EXERCISE AIM:
Retype only the lines below from the one with "12 Mache Solid" to the one with "Fregadero con pedestal", inclusive, skipping every image.

TASK MATERIAL:

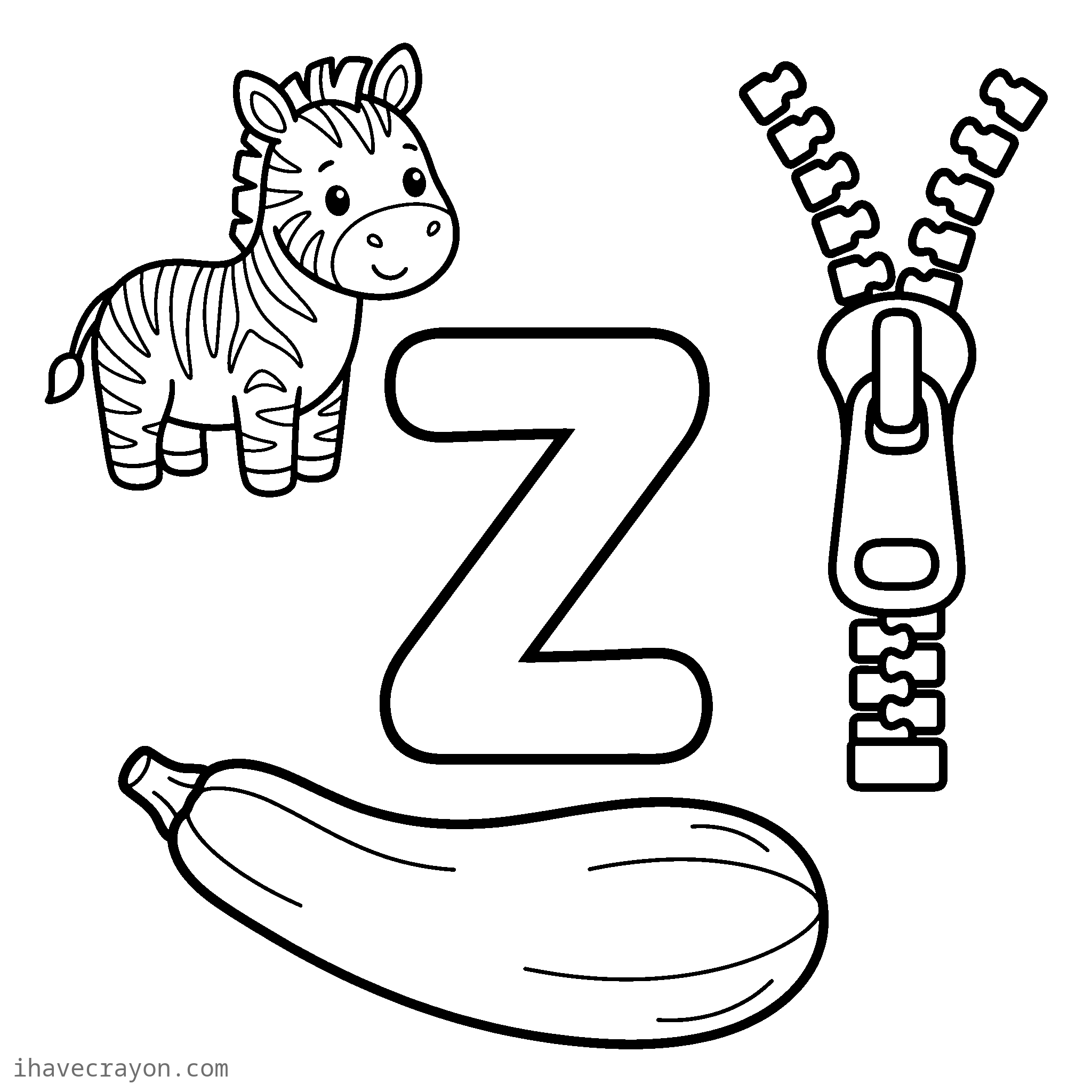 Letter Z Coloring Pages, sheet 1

==

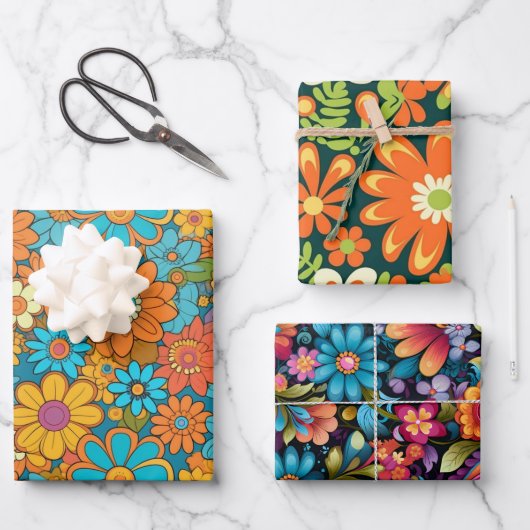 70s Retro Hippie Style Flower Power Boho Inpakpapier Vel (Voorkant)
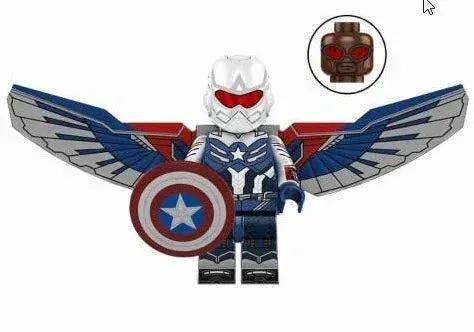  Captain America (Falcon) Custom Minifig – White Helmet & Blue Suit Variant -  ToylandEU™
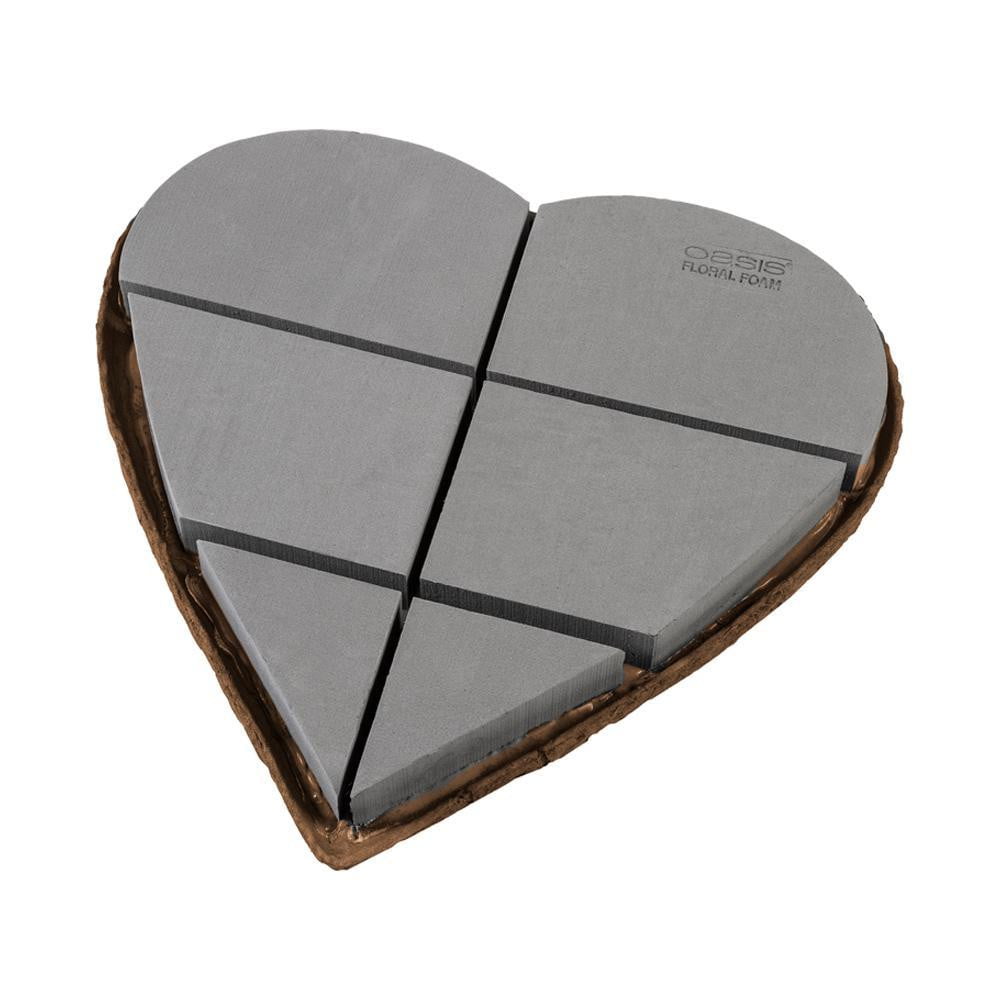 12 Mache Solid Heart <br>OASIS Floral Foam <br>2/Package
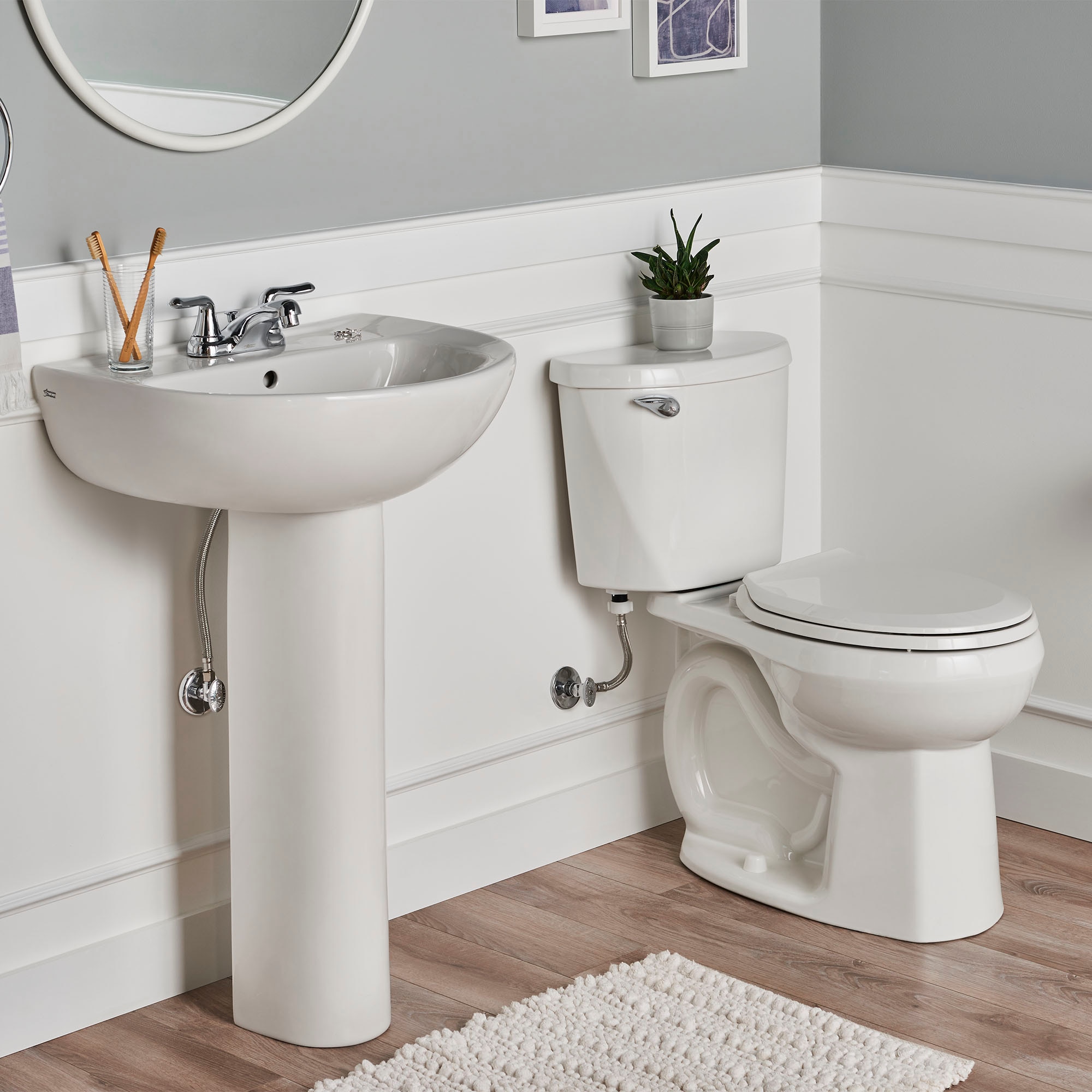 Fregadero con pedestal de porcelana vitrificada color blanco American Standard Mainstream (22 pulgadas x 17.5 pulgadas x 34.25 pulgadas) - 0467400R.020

YOUR SOLUTION:
 12 Mache Solid Heart <br>OASIS Floral Foam <br>2/Package
 Fregadero con pedestal de porcelana vitrificada color blanco American Standard Mainstream (22 pulgadas x 17.5 pulgadas x 34.25 pulgadas) - 0467400R.020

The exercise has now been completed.